During the course of my load testing journey, I’m doing mostly spike test on the SUT(System Under Test). We gradually dial up the number of users hitting the server, from 10, 100, 1000. And we log the process execution time separately from the response time, and these are the kind of results we obtain say for a spike of 1000 users, at a single point of time:

export const options: any = {
  scenarios: {
    [Bu]: {
      executor: 'per-vu-iterations',
      exec: 'mRun',
      vus: 1000,
      iterations: Iteration,
      maxDuration: '1000m',
      tags: { tag_index: Index },
      env: {
        bu: Bu,
export function mRun(){
  // code to log res.timings.duration
response time: 0.1s   api execution time: 0.3s
response time 0.11s   api execution time: 0.4s
response time 0.15s   api execution time: 0.3s
response time 0.7s    api execution time: 0.5s
response time 0.9s    api execution time: 0.3s

... 500th request processed by the server
response time: 7s       api execution time: 0.6s
response time: 7.1s     api execution time: 0.5s
response time: 7.2s     api execution time: 0.4s

... 1000th request processed by the server
response time: 11s        api execution time: 0.6s
response time: 11.1s      api execution time: 0.5s

We speculate the increasing response time due to the queuing up of requests on the server.
As we see in the observations above, the execution time fluctuates around the same amount of time, and it’s this queuing up of request that’s giving us a seemingly bad response time.

So, what I’m confused on is if a spike test is actually a performance test. To me it seems more like a concurrency test in which we’re trying to see if a system has some rate of failure and logging response, seems to me, doesn’t have more value than a SUT on continuous expected load. These are just my ideas and I’d like more views on this point.

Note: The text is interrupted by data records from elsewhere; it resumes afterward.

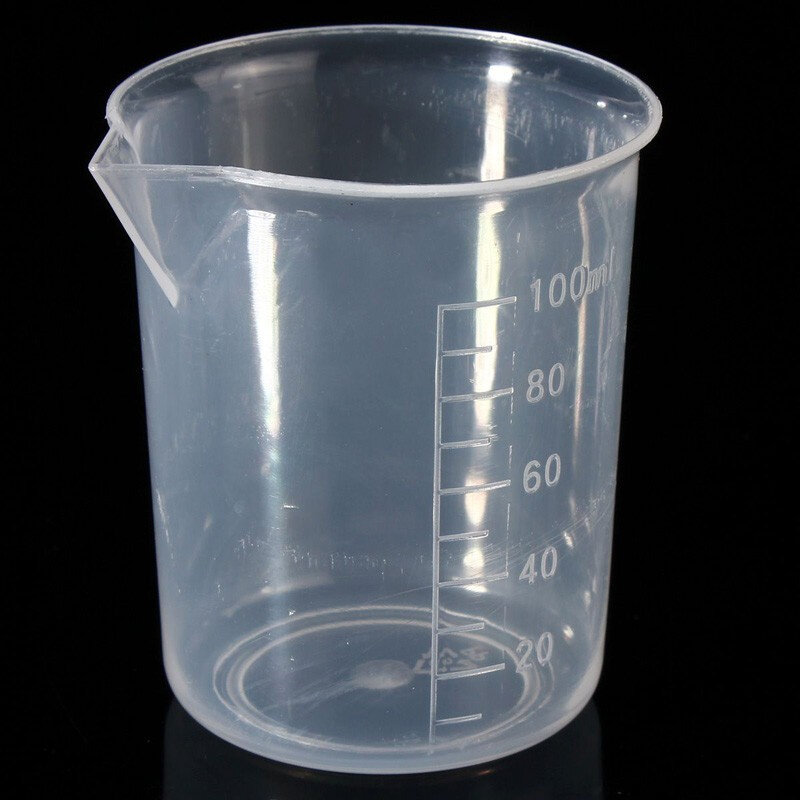 Taza medidora graduada de plástico, contenedor de líquido, resina epoxi, herramienta de fabricación de silicona, taza mezcladora transparente, 100 ML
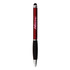 A red stylus pen with a black rubber grip and a branding logo on the side.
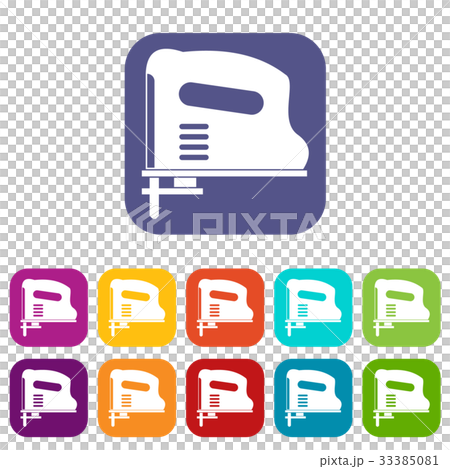 Pneumatic gun icons set flat 33385081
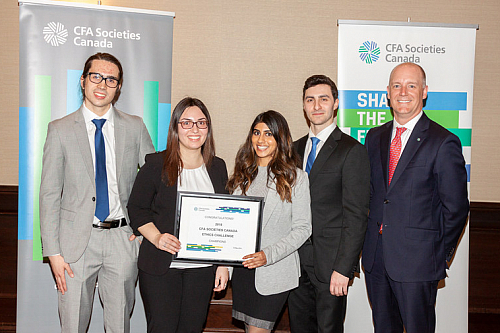 Nos étudiants de l'École Telfer - champions du Défi éthique 2018 de CFA Societies Canada
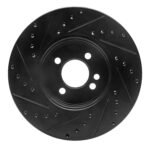 R1 Concepts 02-06 Mini Cooper (Excl Clubman) Front Right Drilled & Slotted Black Brake Rotor - Image 2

So, if you’d log the response times for a SUT, on a spike test and a stress test, how would you interpret those two different sets of data? And which test/test data would be better suitable to speculate and determine and benchmark the response times for a SUT?

Hi there!

Have you read our “Stress testing” guide? I think you’ll find it useful to answer some of your questions.

But to summarize: you can use both stress and spike testing to measure performance of your system. The difference is in the behavior that you want to model with your tests. A stress test will gradually increase the load to reach your SUT’s breaking point. While a spike test will suddenly increase the load to overwhelm the SUT. You can keep track of the response time and any other metrics in both scenarios, but they would tell you different things in each case.

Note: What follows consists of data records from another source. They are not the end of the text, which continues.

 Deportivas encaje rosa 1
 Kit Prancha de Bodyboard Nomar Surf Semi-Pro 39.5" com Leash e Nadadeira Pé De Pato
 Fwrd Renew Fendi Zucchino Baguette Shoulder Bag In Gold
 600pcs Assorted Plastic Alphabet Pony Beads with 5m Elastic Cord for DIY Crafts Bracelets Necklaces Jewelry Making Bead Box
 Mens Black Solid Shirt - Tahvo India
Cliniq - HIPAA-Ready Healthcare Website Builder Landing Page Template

For example, during a stress test, you first might observe gradual response time increases, then HTTP 500 errors, and finally TCP connection errors (i/o timeout, connection reset by peer, etc.). Depending on how your SUT is deployed, these could indicate problems with your autoscaler, a bottleneck in your backend service, or in your load balancer. Since the test is typically longer than a spike test, the focus would be on how well the system handles sustained load at each step, and could point you in different directions to optimize and scale the system.

A spike test, in turn, models the behavior of quick load bursts, so it might start showing you TCP connection errors right away. This would allow you to see more quickly how, and if, the system recovers after the load subsides.

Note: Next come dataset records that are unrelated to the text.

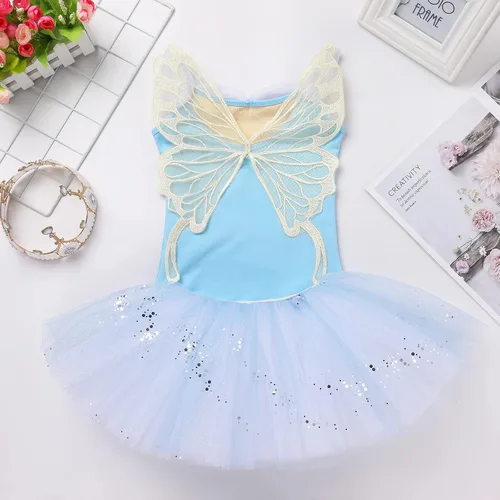 Vista 6 de IBAKOM Leotardos de ballet para niña, trajes de bailarina, vestido de baile de ballet con volantes de mariposa, falda de baile de lentejuelas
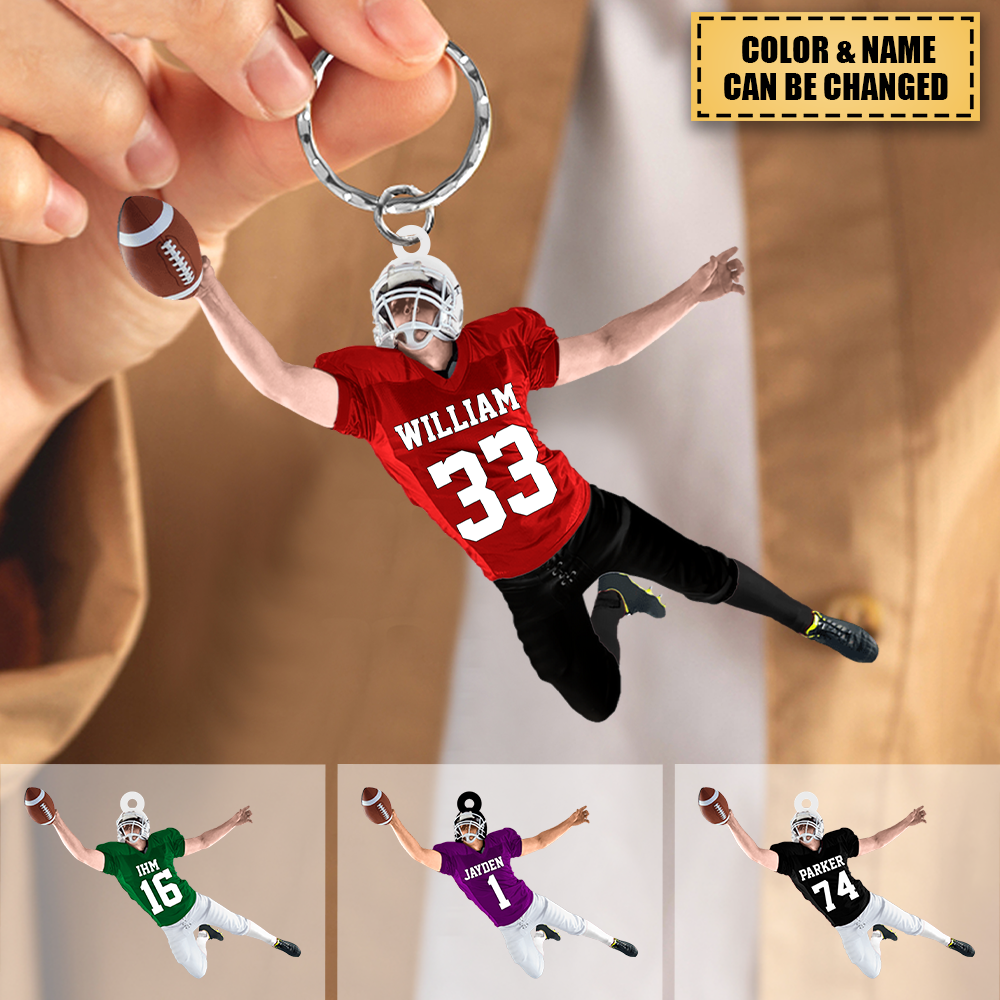 Personalized American Football Player Jumping Keychain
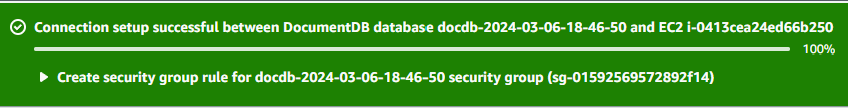 Amazon DocumentDB 資料庫與 EC2 執行個體之間成功連線設定的確認訊息。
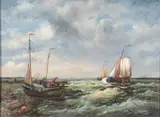 Dutch barges - A pair of oils by Brian Murray, oil, sold Dec 2025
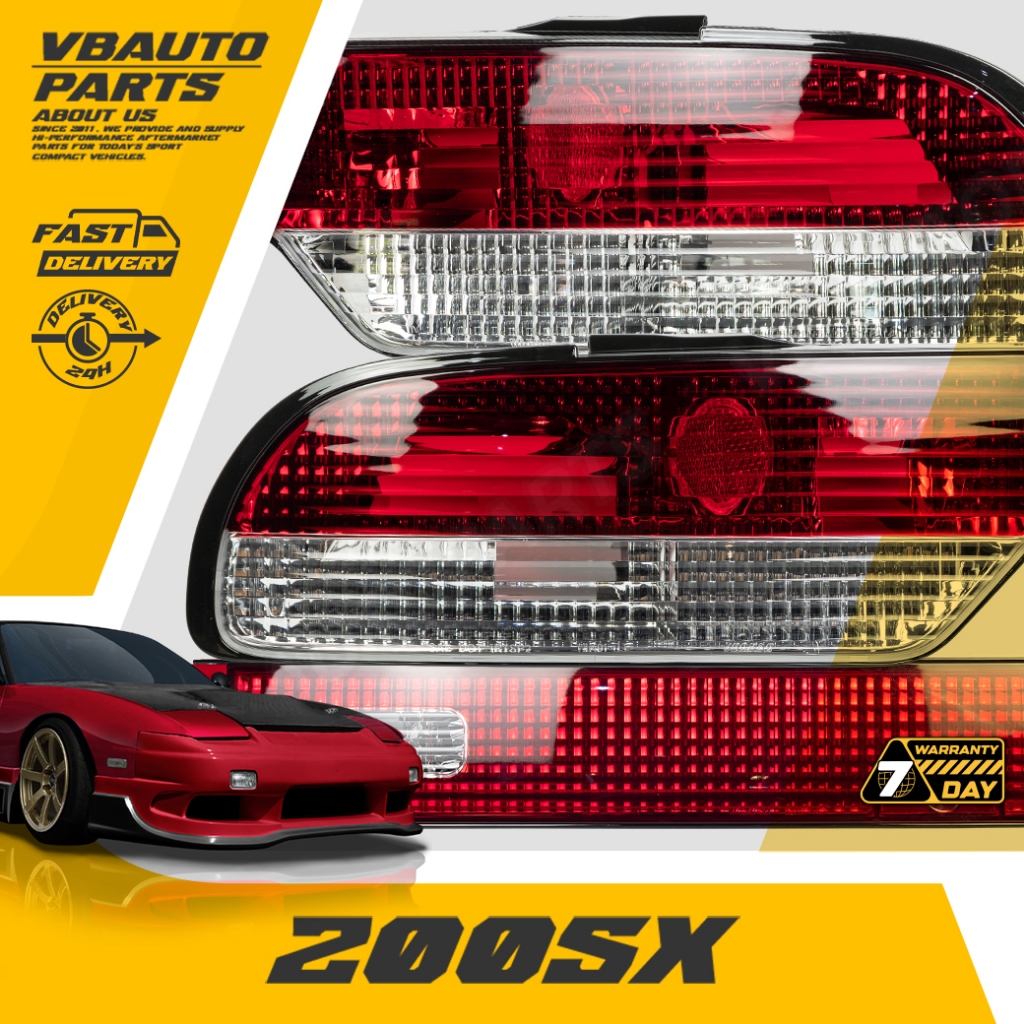 ไฟท้ายขาวแดง Nissan 180SX 200SX (โคมเพชร) #ราคาต่อชุด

In both cases it’s important that the system does recover, but the focus of your metric tracking will be different.

Hope this clears some things up. In general, you don’t need to focus too much on the textbook definitions of each test type. After all, you can combine a stress test that has sudden spikes if that’s what you need. The important thing is to observe the effects that each load change has on your system, so you can see which part you need to optimize.


@imiric , so when I spike a SUT with 500 request in 1 second, and k6 gives me a response time of 150sec , that doesn’t mean I should deduce the avg response time to be 150s right? So, with this test, I am able to just determine if the system recovers right?

Also, I also have very conceptual difficulty in what would the average response time of an endpoint be, because that would be load dependent right? on minimal load the SUT might give good response time, on high load it might be bad. What would be a way to benchmark the EUT(Endpoint under test :wink: )

Is that 150s response time for a single request, or are you averaging over 1s? Judging by your original post, you seem to be logging each res.timings.duration. May I ask why? If you want to see the metrics for each request, you can use the CSV or JSON output. If you want to see aggregated results, you can use the end-of-test summary, or send the metrics to any output of your choice, and aggregate them there.

In general averages are a poor way of judging performance, since you’ll miss any outliers. Instead you should focus on percentiles, specifically p(95), or even higher, p(99), etc. See the --summary-trend-stats option.

The response time of your service really depends on what you want it to be. :slight_smile: If every millisecond counts for your product, then 200ms might be unacceptable, whereas if you’re running something like a personal blog, then that result might be perfectly fine. The point of load testing is to measure how your service behaves under different scenarios, so you can optimize the performance before it affects your users, and thus your product. You need to decide what that performance threshold should be, and how much you want to improve your result.

What would be a way to benchmark the EUT(Endpoint under test)

You can set thresholds per URL, or aggregate metrics manually per URL. Please go through the documentation and see some examples to get a better idea of what’s possible.